For more than 25 years, staff and residents at CoreCivic have been helping the ministry, Joni & Friends, restore mobility equipment, like wheelchairs, to support individuals around the globe through the ministry's Wheels for the World™ program.
In August, volunteers in the wheelchair restoration program at CoreCivic learned the impact of their efforts. In fact, at a ceremony celebrating a total 55,000 wheelchairs restored through CoreCivic's partnership with Wheels for the World™, participants and CoreCivic staff learned about a young woman living with cerebral palsy in the Philippines who has been impacted by the generosity of this partnership. She received her first wheelchair at 25 years old.
Since 1998, Joni & Friends has partnered with CoreCivic to operate occupational programs in its correctional facilities where donated wheelchairs are restored to like-new condition before being shipped to countries around the world. Six CoreCivic facilities have been home to wheelchair restoration programs over the past two-and-a-half decades, with two currently in operation: South Central Correctional Facility in Clifton, Tennessee, and Tallahatchie County Correctional Facility in Tutwiler, Mississippi.
Serving as the largest Wheels for the World™ restoration program, residents at South Central have restored nearly 27,000 wheelchairs since 2008. Chairs from South Central have been shipped to 34 countries around the world, including Honduras, Uganda, and Ukraine.
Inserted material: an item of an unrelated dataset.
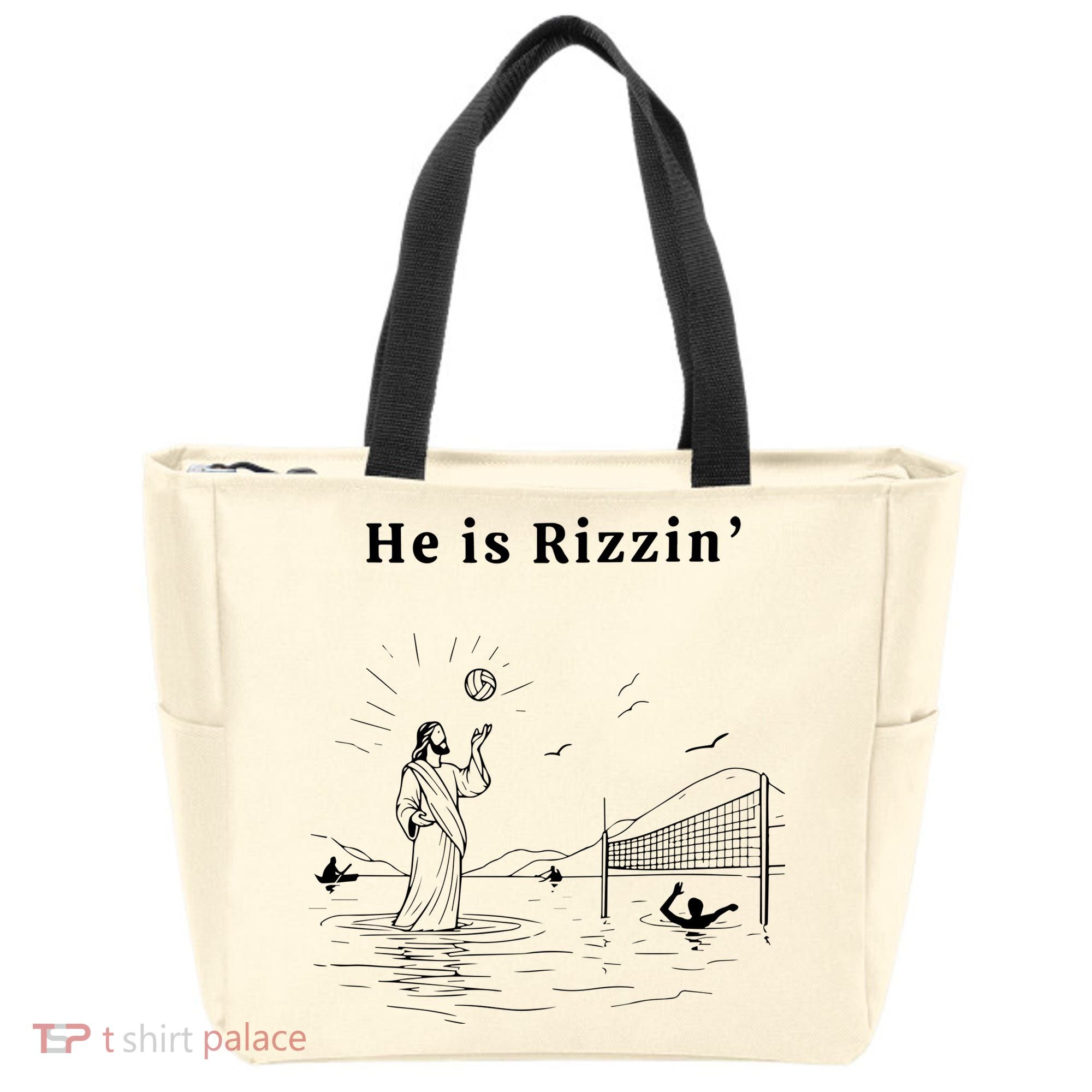 He Is Rizzin Jesus Volleyball Tote Bag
"Partnering with Joni & Friends over the past 25 years and reaching the milestone of more than 55,000 restored wheelchairs has truly been a blessing," said Damon T. Hininger, President and CEO, CoreCivic. "The impact of Wheels for the World has been monumental not only for those who desperately need these wheelchairs, but also because of the life-changing impact this effort has had among those in our care who have participated in the restoration program."
Paul Dorthalina, director of Wheels for the World™, shared his inspiration through witnessing incarcerated individuals choose to do good for others amid their sentences.
“We can see the life-changing difference their participation in the Wheels for the World wheelchair restoration program is having in their lives,” said Dorthalina.
Joni & Friends started Wheels for the World™ 30 years ago to meet a pressing need: 80 million people around the globe need a wheelchair, according to the World Health Organization, but in some countries less than 5 percent can access one. CoreCivic is proud to help organizations, such as Joni & Friends' Wheels for the World™, serve the needs of individuals globally.